Bolker, J.  (1998).  Writing your dissertation in fifteen minutes a day: A guide to starting, revising, and finishing your doctoral thesis.  New York: Owl Books.
Joan Bolker is a friend of mine so I am prejudiced in favor of her very wise book but both are filled with helpful, practical advice for those who enter the Swamp of Dissertation.

Zerubavel, E.  (1999).  The clockwork muse - A practical guide to writing theses, dissertations and books.  Boston: Harvard University Press.

XI. APPENDIX F

Don Murray Handout from NWP Authors & Issues On-line 1999
ONE WRITER'S CRAFT
Donald M. Murray

nulla dies sine linea


Writing produces writing.
Horace said, "nulla dies sine linea" - never a day without a line.  I try to exercise the writing muscles everyday.  I do not delay writing until I have cleared a writing morning without interruptions. There are no writing mornings without interruptions internally and externally.  Flannery O'Connor said: "Every morning between 9 and 12 I go to my room and sit before a piece of paper.  Many times I just sit for three hours with no ideas coming to me.  But I know one thing:  If an idea does come between 9 and 12, I am there ready for it." 

Seek the Line 
If I don't know what to write about, I list in my mind, on paper, and on the computer screen, what I'm thinking about when I'm not thinking, what I see out of the corner of my eye, what feelings, ideas, phrases and images I keep turning over in the compost of my mind. I read the list to see what surprises me, what contradicts, what flows against intent, what confuses me, what I don't understand and need to understand.  I lie in wait for a line - a fragment of language that contains a tension that demands exploration. 

Write to Think 
I remind myself that writing is thinking.  I don't need or want to know what I am going to say before I say it.  Writing will tell me what to say and how to say it.  I have to get out of the way of the writing as it seeks to discover its own meaning.

Lower My Standards 
One of my most important writing lessons came from the poet Bill Stafford: "I believe that the so-called 'writing block' is a product of some kind of disproportion between your standards and your performance.... one should lower his standards until there is no felt threshold to go over in writing.  It's easy to write.  You just shouldn't have standards that inhibit you from writing ... I can imagine a person beginning to feel he's not able to write up to that standard he imagines the world has set for him.  But to me that's surrealistic.  The only standard I can rationally have is the standard I'm meeting right now...You should be more willing to forgive yourself.  It doesn't make any difference if you are good or bad today.  The assessment of the product is something that happens after you've done it." 

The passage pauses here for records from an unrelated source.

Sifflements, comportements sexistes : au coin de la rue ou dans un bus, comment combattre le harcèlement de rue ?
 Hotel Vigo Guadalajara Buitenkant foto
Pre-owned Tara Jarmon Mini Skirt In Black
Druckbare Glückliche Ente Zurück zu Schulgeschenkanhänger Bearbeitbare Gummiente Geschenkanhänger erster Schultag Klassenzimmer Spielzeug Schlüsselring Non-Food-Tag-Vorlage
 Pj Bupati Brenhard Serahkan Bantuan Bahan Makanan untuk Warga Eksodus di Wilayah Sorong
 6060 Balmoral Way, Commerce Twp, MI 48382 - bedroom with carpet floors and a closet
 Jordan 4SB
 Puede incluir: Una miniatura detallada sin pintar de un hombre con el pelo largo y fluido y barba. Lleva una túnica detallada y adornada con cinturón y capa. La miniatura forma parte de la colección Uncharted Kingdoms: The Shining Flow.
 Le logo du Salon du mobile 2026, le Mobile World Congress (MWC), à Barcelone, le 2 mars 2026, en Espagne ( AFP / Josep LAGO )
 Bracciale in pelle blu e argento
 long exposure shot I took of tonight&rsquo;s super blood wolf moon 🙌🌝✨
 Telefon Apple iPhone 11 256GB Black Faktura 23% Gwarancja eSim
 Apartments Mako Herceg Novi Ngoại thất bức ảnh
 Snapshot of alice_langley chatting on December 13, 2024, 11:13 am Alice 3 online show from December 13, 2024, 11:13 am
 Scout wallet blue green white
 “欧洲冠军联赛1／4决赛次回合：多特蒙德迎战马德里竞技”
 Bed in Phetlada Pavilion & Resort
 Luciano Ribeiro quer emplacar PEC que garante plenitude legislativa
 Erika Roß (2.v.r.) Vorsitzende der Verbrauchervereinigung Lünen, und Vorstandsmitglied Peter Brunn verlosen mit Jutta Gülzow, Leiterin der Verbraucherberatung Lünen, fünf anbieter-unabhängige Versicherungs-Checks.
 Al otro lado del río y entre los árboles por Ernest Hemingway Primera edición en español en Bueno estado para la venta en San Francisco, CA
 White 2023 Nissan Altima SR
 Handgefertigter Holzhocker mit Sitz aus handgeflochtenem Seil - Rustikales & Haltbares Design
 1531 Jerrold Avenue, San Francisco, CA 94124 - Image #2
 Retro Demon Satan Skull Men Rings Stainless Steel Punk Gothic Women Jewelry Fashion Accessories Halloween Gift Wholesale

Break down writing projects into achievable daily writing tasks. 
A page a day is a book a year. Twenty minutes a morning is more productive than three hours Sunday night. Janwillem van der Wetering said: "To write you have to set up a routine, to promise yourself that you will write.  Just state in a loud voice that you will write so many pages a day, or write for so many hours a day.  Keep the number of pages or hours within reason, and don't be upset if a day slips by.  Start again; pick up the routine.  Don't look for results.  Just write, easily, quietly." 
I cannot write a book but I can write a page.  My writing is done in fragments of time, with short bursts of energy.  Richard Rhodes said: "If writing a book is impossible, write a chapter.  If writing a chapter is impossible, write a page. If writing a page is impossible, write a paragraph.  If writing a paragraph is impossible, write a sentence. If writing a sentence is impossible, write a word and teach yourself everything there is to know about that word and then write another, connected word and see where the connection leads." 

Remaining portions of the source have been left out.